All state-sponsored cybersecurity activity tied to North Korea is code-named Hidden Cobra, and thus far, seven malware variants have been publicly announced.
- Hoplight – proxy applications that mask traffic between the malware and the remote operators
- Bistromath – performs simple XOR network encoding and are capable of many features including conducting system surveys, file upload/download, process and command execution, and monitoring the microphone, clipboard, and the screen.
- Slickshoes – a Themida-packed dropper that decodes and drops a file “C:\Windows\Web\taskenc.exe” which is a Themida-packed beaconing implant
- Hotcroissant – custom XOR network encoding and is capable of many features including conducting system surveys, file upload/download, process and command execution, and performing screen captures
- Artfulpie – performs downloading and in-memory loading and execution of a DLL from a hardcoded url
- Buffetline – sample uses PolarSSL for session authentication, but then utilizes a FakeTLS scheme for network encoding using a modified RC4 algorithm. It has the capability to download, upload, delete, and execute files; enable Windows CLI access; create and terminate processes; and perform target system enumeration
- Crowdedflounder – a Themida packed 32-bit Windows executable, which is designed to unpack and execute a Remote Access Trojan (RAT) binary in memory
While the concept of a state-sponsored cyber attack is far from new, the frequency of these incidents are becoming much more common. And worryingly, these are only the incidents which the general public is made aware of.

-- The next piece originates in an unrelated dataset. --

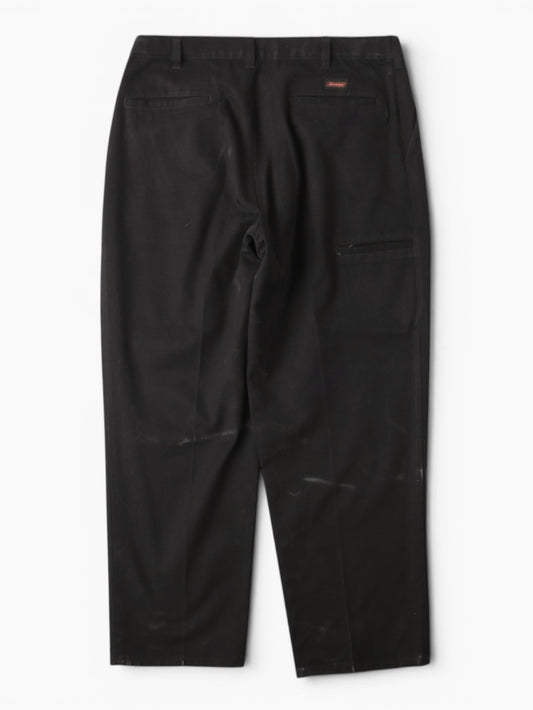 Pleated Work Pants - Black - 34/32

In November, New Zealand’s National Cyber Security Centre (NCSC) suggested that 38% of the incidents it had to respond to were most likely state-sponsored. These are only a small proportion of the total cyber incidents, though the NCSC is tasked with tackling the most serious. The Five Eyes intelligence alliance, of which New Zealand is a member, has attributed the WannaCry incident to North Korea and NotPetya to Russia in recent years.

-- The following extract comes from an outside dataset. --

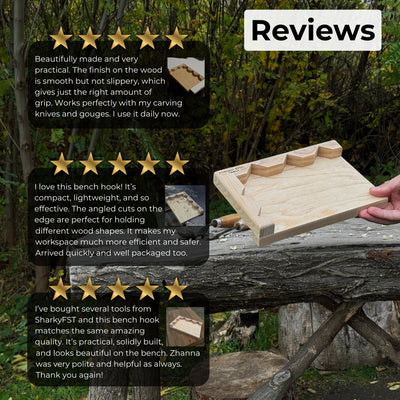 Wooden Bench Hook for Carving. Handcrafted Work Support for Wood Carving - 6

Looking at December 2019 alone, the Center for Strategic and International Studies suggests there were attacks from a Chinese state-sponsored group on multiple nations, a Cambodian Government agency was targeted, login credentials from government agencies in 22 nations across North America, Europe, and Asia were stolen by unknown hackers, a suspected Vietnamese state-sponsored hacking group attacked BMW and Hyundai, while Russian government hackers targeted Ukrainian diplomats, officials, military officers, journalists, and non-governmental organizations in a spear phishing campaign.
State-sponsored cyber incidents are most certainly on the rise, but the worrying element of this trend is that no-one genuinely knows. The likelihood of being able to attribute these incidents back to a particular regime with absolute certainly, and free from political bias, is incredibly low.